Tony Dungy was born on October 6, 1955, in Jackson, Michigan to Wilbur and CleoMae Dungy, both of whom were educators. Early on, his family placed a great deal of emphasis on academics and intellectual achievements as much as athletic ones. However, even in a household where the focus was on education, Dungy was drawn to sports, particularly football. He attended Jackson’s Parkside High School, where he played guard for the basketball team and quarterback for the football team. Dungy excelled as an athlete and was even featured in the Sports Illustrated section, “Faces in the Crowd,” in 1970. His immense talent and numbers would not go unnoticed by colleges and recruiters around the nation.
In 1973 University of Minnesota head coach Cal Stoll recruited him. By the end of his freshman year at Minnesota, Dungy had cracked the starting lineup. From 1973-1976 he was the star quarterback for the Golden Gophers. He finished his college career ranked fourth in total offense among all players in the history of the Big Ten conference.
In 1977, Dungy signed as a free agent with the Pittsburgh Steelers. He played as a reserve-special team’s player for the Steelers in 1977 and the Super Bowl champion 1978 seasons, leading the team in interceptions in the latter campaign. In 1979, he briefly played for the San Francisco 49ers before being traded a year later to the New York Giants, with whom he finished his career in 1980. After his short stint in the National Football League (NFL), Dungy dedicated himself to coaching.

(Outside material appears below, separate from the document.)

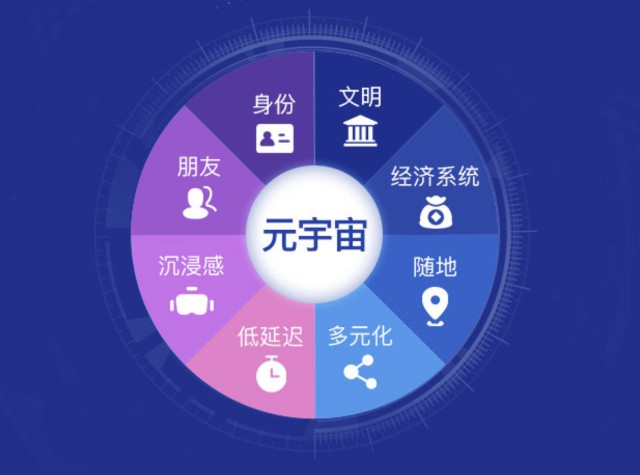 元宇宙是什么意思(元宇宙是什么意思网络用语)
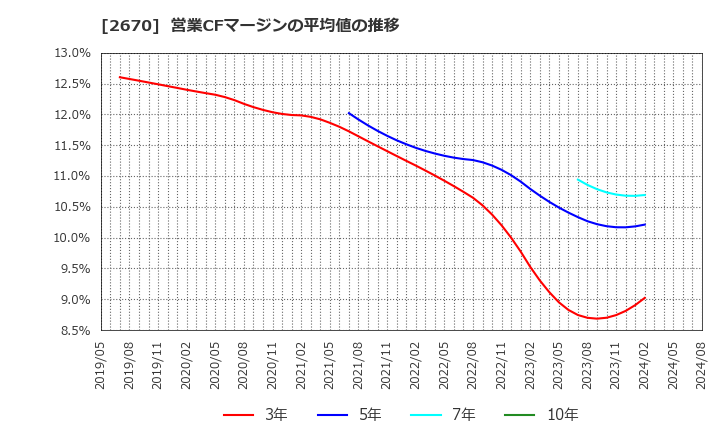 2670 (株)エービーシー・マート: 営業CFマージンの平均値の推移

In 1980 Dungy was invited to become an assistant coach for his alma mater the University of Minnesota, where he remained for one season. In 1981, he returned to the NFL as an assistant coach for the Pittsburgh Steelers. He quickly began to rise through the ranks and in 1982 he was named defensive backfield coach. In 1984 he became not only the lone black defensive coordinator in the NFL but also the youngest in its history. He left the Steelers in 1989 to become the defensive backs coach for the Kansas City Chiefs and in 1992 took over as defensive coordinator for the Minnesota Vikings. While at Minnesota, Dungy’s defense was ranked first in the NFL.
His dream of coaching an NFL team was made reality in 1996, when he was hired as head coach of the Tampa Bay Buccaneers. Dungy systematically transformed his team from bottom-of-the-heap to playoff contention: the Buccaneers made four playoff appearances and won their division in 1999. Dungy became the winningest coach in Buccaneers’ history. Despite his successes, he was unable to take the team to the Super Bowl and was fired in 2001 due to his lack of playoff success.

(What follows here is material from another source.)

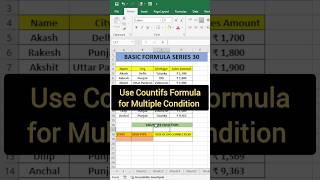 Countifs function excel  using Countifs Formula how we count based on multiple condition [upl. by Otanod]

In 2002, Dungy was hired as head coach of the Indianapolis Colts. Early on he had mixed results as he methodically re-tooled the team’s defenses. Despite the team making the playoffs every year, it wasn’t until 2006 that they advanced to the Super Bowl. On February 4, 2007, Dungy and the Indianapolis Colts faced Lovie Smith and the Chicago Bears in Super Bowl XLI– never before had two black coaches faced each other in the Super Bowl. The Colts won the game 29-17 and Dungy made history as the first black coach to win the Super Bowl.
Outside of football, Dungy’s charitable contributions have earned him much reverence and admiration. He has been active in many community service organizations such as the Boys and Girls Club and has founded a youth mentoring program. In addition, he is very active in his church and various Christian organizations. In 2007, George W. Bush appointed him to the President’s Council on Service and Civic Participation.